2011.11.03 Royal Festival Hall (London)
Esa-Pekka Salonen / The Philharmonia Orchestra
Yefim Bronfman (P-2)
Nick Hillel (Director-3), Juliet Stevenson (Narrator-3)
Sir John Tomlinson (Bluebeard-3), Michelle DeYoung (Judith-3)
1. Debussy: Prélude à l'après-midi d'un faune
2. Bartók: Piano Concerto No. 3
3. Bartók: Duke Bluebeard's Castle (semi-staged performance)

早いものでフィルハーモニア管のバルトークシリーズもロンドンではこれが最終日。気合いを入れて1年半前に買ったこのチケットも無事日の目をみることができて、よかったです。

1曲目はバルトークではなくドビュッシーの「牧神の午後への前奏曲」。サロネンは指揮棒を使わず、重心の低いフルートを軸としてカラフルな粘土でやさしく肉付けしていくような幻想的な演奏でした。手馴れた感があったのでこのコンビの十八番なんでしょうね。まずはお洒落なアペリティフで軽くジャブ、といったところです。

ピアノ協奏曲第3番は、1番2番とはがらっと曲想の違うこの曲をブロンフマンがどう料理するか興味津々だったのですが、くっきりと切り立ったピアノがカツカツと前面に突出し、ここでもやはり妥協のない即物的な演奏に終始していました。バルトークなのでこういう解釈はありですが、コチシュほどの硬質さもなくちょっと中途半端なピアノ。展開がギクシャクとしていて乗りきれず、あまり好きな曲じゃないのかも。もちろんめちゃめちゃ上手いのですが、こういうテクニカル的には平易な曲だとかえってミスタッチが耳についたり、我らがアンディさんもティンパニのリズムを間違えたりして、面白いもんです。我らが全体の流れと起伏をうまく彫りだす説得力では、夏のプロムスで聴いたシフのほうが何枚か上手であるなあと感じました。

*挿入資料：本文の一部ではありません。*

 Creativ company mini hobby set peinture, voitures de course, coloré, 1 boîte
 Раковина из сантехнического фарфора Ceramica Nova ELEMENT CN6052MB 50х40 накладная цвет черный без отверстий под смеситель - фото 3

メインの「青ひげ公」はstaged performanceということで、実は演奏会の最初から、ビデオを投影するためのスクリーンと何だかよくわからないオブジェが設置されていました。団員が出てくるのと一緒に、よく見るとすでにサロネンもヴァイオリンの中に座って談笑しています。


照明が落ち、ナレーターが静々と出てきて「Once upon a time...」と英語で前口上を語り始めました。息子ペーター・バルトークによる完全版スコアに新版英訳が付いてから英語の前口上は珍しくないですが、 これは吟遊詩人という役どころなので女性のナレーターはたいへん珍しく、「青ひげ公」のCDは目に付けば手当たり次第買い集めている私も、初めて聴きました。本編の歌は原語なんだし、やっぱり私はハンガリー語でテンション高く「Hay rego reitem...」と始まってくれないと、どうも調子が狂ってしまいます。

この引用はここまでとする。